[comp.std.c++] Smart Pointers -- A proposed language extension

rmartin@clrcom.clear.com (Bob Martin) (12/29/90)

				Smart Pointers for C++
					A Proposal for
				A new language feature

				REQUEST FOR COMMENTS

THE PROBLEM
	The facilities of C++ allow for overloading the pointer operators
	so as to create "smart pointers".  These are classes which behave
	in some ways as pointers to an object, but have other more
	intelligent behaviors as well.  For example it would be possible to
	create a smart pointer to a block of bytes which would not allow
	itself to be assigned any value outside the bounds of the block.

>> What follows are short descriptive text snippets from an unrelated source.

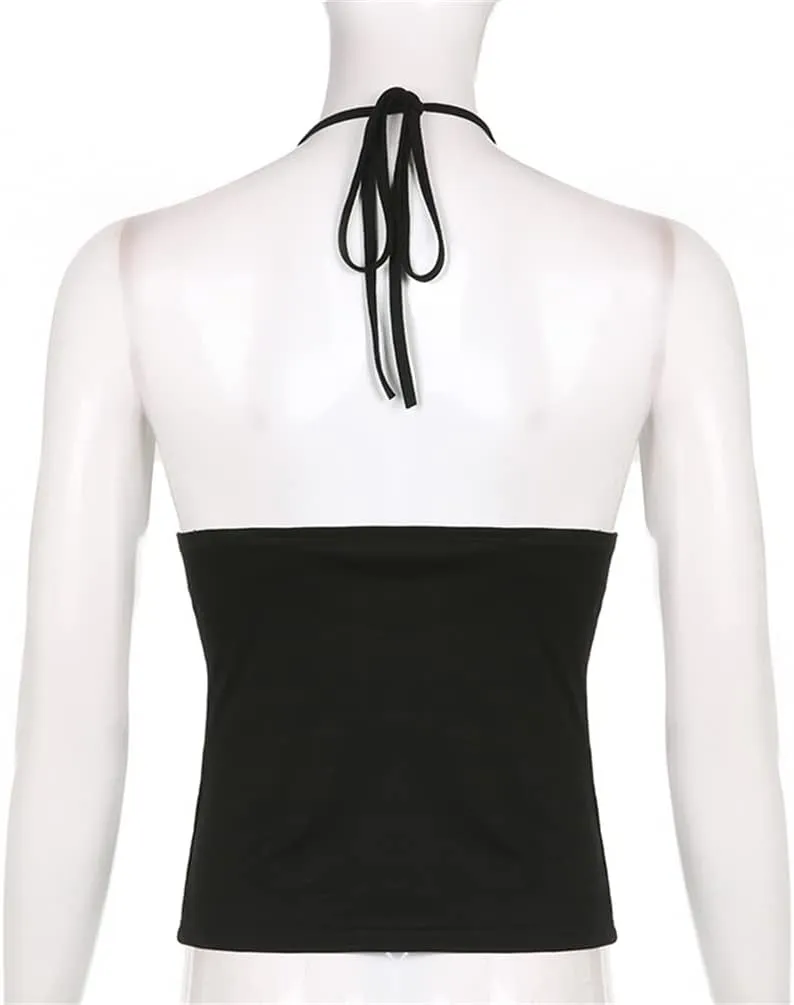 Sexy Punk Rock Halter Tank Tops for Women V Neck Goth Backless Tie Back Summer Y2k Gothic Buckle 70s Disco Tops
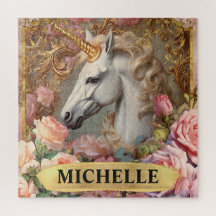Wasserfarbe Vintag Weißes Einhorn und Rosen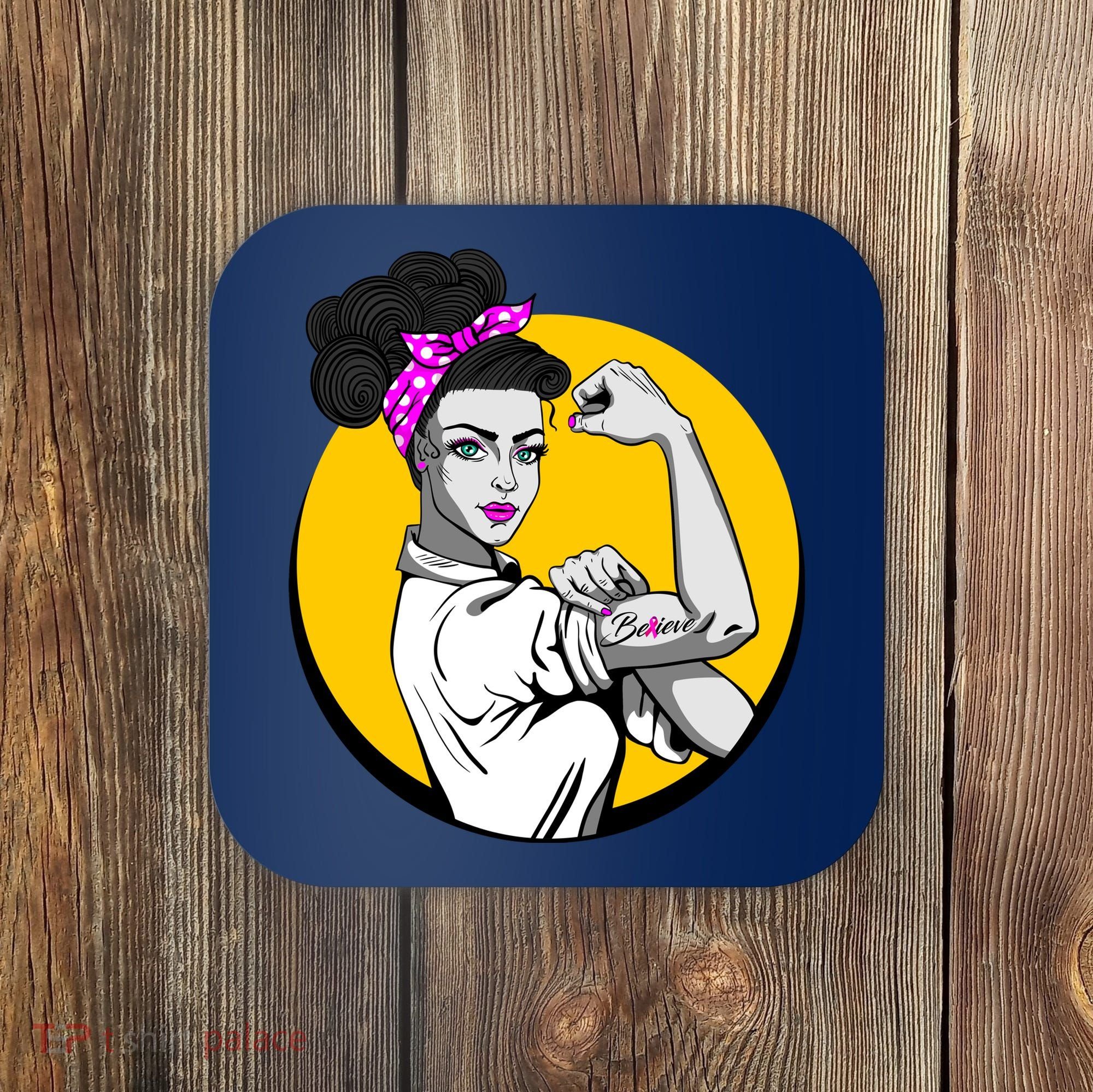 Fight Back Believe Breast Cancer Awareness Coaster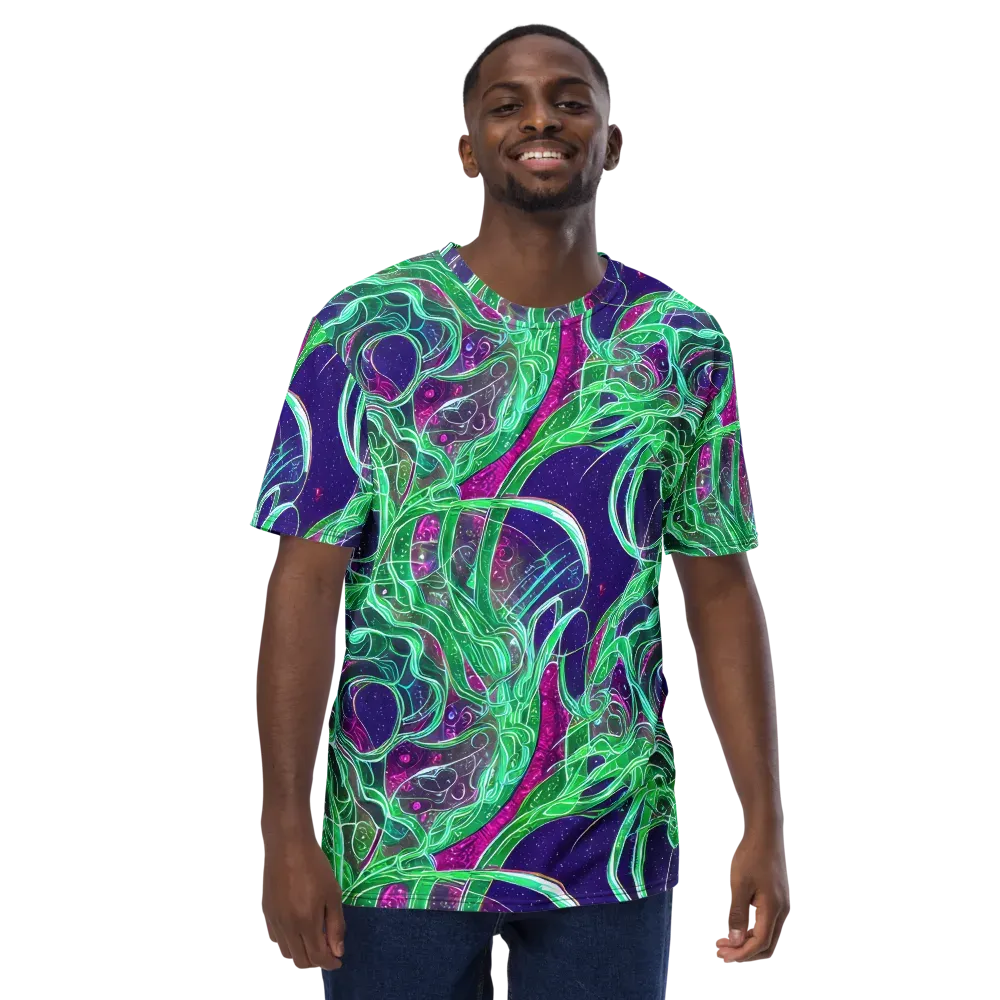Emerald Starflow on Men's Crew Neck T-Shirt — Front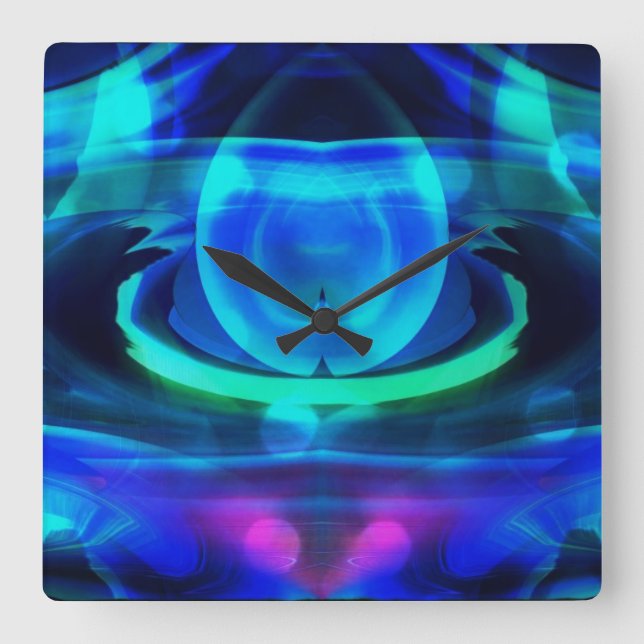 The Blue Flame Sparkle Abstract Wall Clock (Front)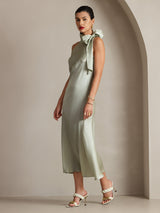 [Light Green] SilkSilky-CA Sleeveless Halter Dress 006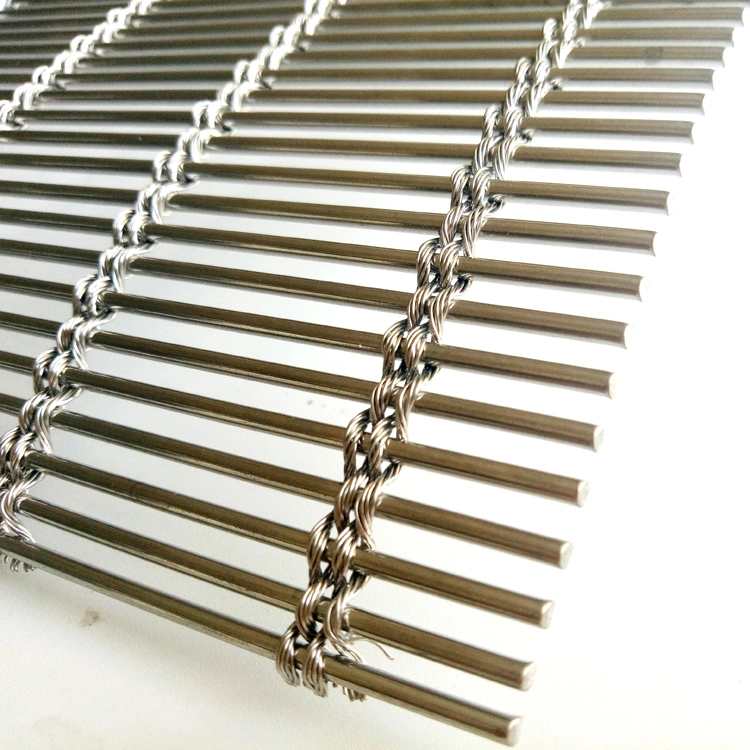 Stainless Steel 304 Woven Metal Decorative Lock Wall Cladding Crimped Wire Mesh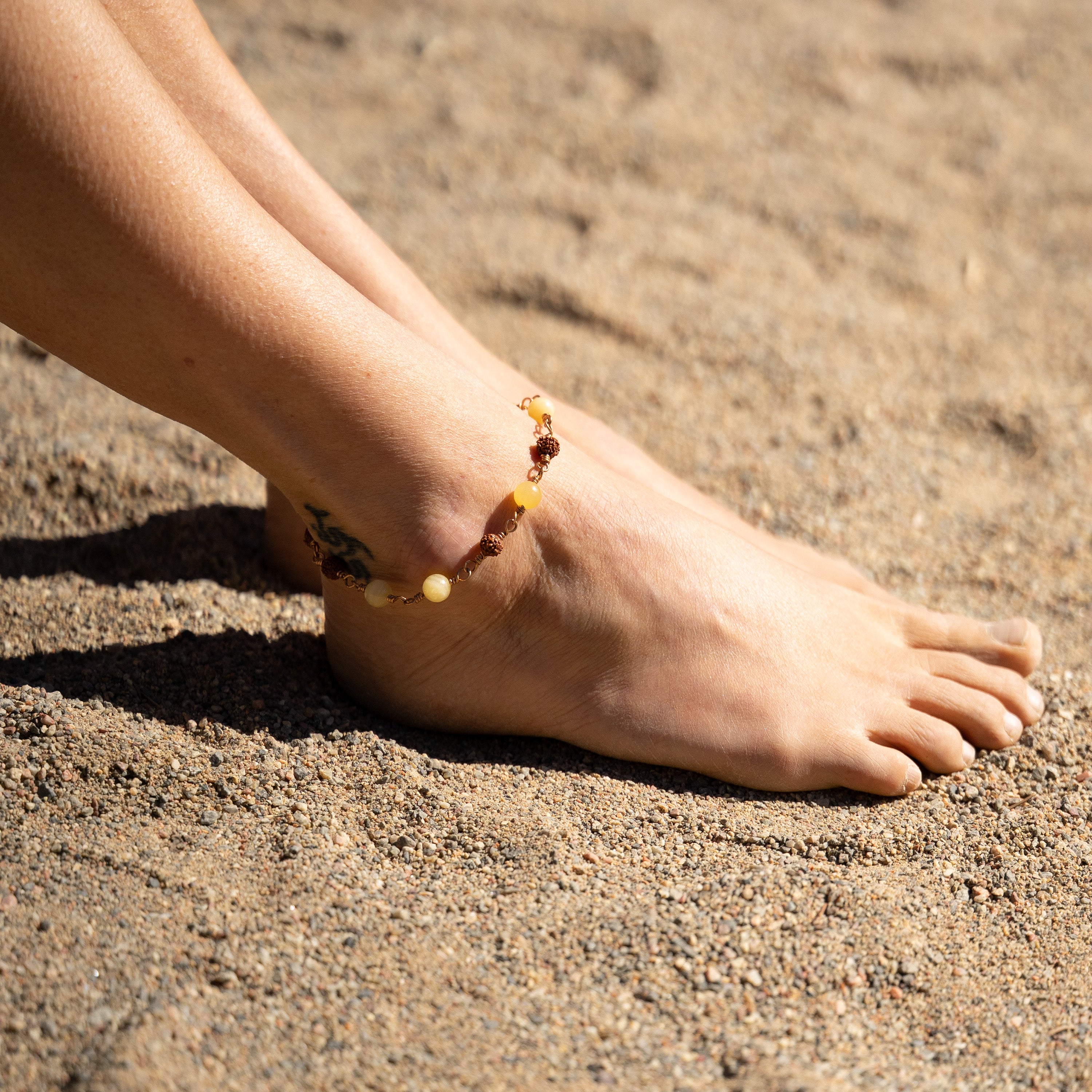 Honey Jade & Rudraksha Anklet in Bronze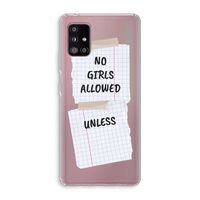 No Girls Allowed Unless: Samsung Galaxy A51 5G Transparant Hoesje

	Although this concept is useful it is limitted in that there is no
	way to enforce the use of smart pointers to classes designed to
	be referenced by them.  Thus if a user creates a class and intends 
	that it should only be referenced via a "smart pointer" he must 
	inform all the users of the class that they may not use normal 
	pointers but must use his "smart pointer" class.  If a programmer
	forgets and uses a normal pointer, then the program will not work
	and it will be very difficult to find the error.

PURPOSE
	The following is a proposal for a language addition which would
	allow the user to declare a smart pointer to a class, and enforce
	its use by causing the compiler to transform all pointer 
	declarations or expressions refering to that class to be 
	instantiations of the smart pointer.

PROPOSED SYNTAX
	Whereas "class T" is a declaration of T, "class *T" is a
	declaration of a "smart pointer" to T;  If such a class is
	defined then the compiler is warned that a smart pointer to T
	exists and that all expresions and declarations which
	involve pointers to T (T*) should be converted to expresions or
	declarations involving the smart poitner (*T) instead.  For example
	the following declaration:  T *a;  would be interpreted as: *T a;
	Or the following code segment:
		T x;
		T *p;
		p = &x;
	Would be interpreted as:
		T x;
		*T p;
		p = *T(x&);
	
	Thus a user can enforce the use of smart pointers without having 
	to trust the memory of other users. The other users simply declare 
	and use pointers to these objects normally without necessarily 
	knowing that the pointers are in fact "smart pointers".

DEFINING SMART POINTERS
	When in the scope of a *T definition, the use of pointer operations
	on type T are not converted to *T.  Thus within the member
	functions of *T, pointers to T can be used normally.  Thus:

		class *T {
			T *p;

		public:
			*T() 		{p = (T*)NULL;};
			*T(T& t) 	{p = (T*)t;};
		};
	works alright because T* is a dumb pointer when in the context of
	the *T definition.

	Smart pointers to T can also be used in the scope of the *T 
	definition, but they must be declared as *T;

	A definition of the form class *T{}; creates a dummy smart pointer
	which behaves exactly the way a dumb pointer does.  It is a way
	of saying "I don't want a smart pointer to T."  This is useful
	if you wish to cancel the inheritance of a smart pointer to a 
	BASE CLASS.  (See SMART POINTER INHERITANCE)

CASTING SMART POINTERS
	Variables of type *T cannot normally be cast to pointer types.
	Specifically they cannot be cast to (void *).  (Unless the
	conversion has been added as a member function operator void*());

	Variables or expressions of type void* can be converted into *T
	by casting as follows: 
		void *v;
		T *p;
		p = (T *)v;  // converts void* into *T;

	This allows functions of the form:
		operator *T(void*) to be written so as to aid in the 
		conversion from void* to *T;

SMART POINTER INHERITANCE
	When a smart pointer *B has been declared for a class B, then any
	use of pointers to class D derived from B will use *B smart
	pointers unless a *D smart pointer has been declared.  Thus:

		class B;
		class *B;
		class D : B;  // D is derived from B

		D *p;		// p is really a *B

	In the case of multiple inheritance, if one or more of the base
	classes has a smart pointer associated with it, it is illegal to
	use any pointer operations unless a smart pointer has been declared
	for the derived class:

		class A;
		class *A;	// smart pointer to A
		class B;
		class D : A,B; // D is derived from A and B.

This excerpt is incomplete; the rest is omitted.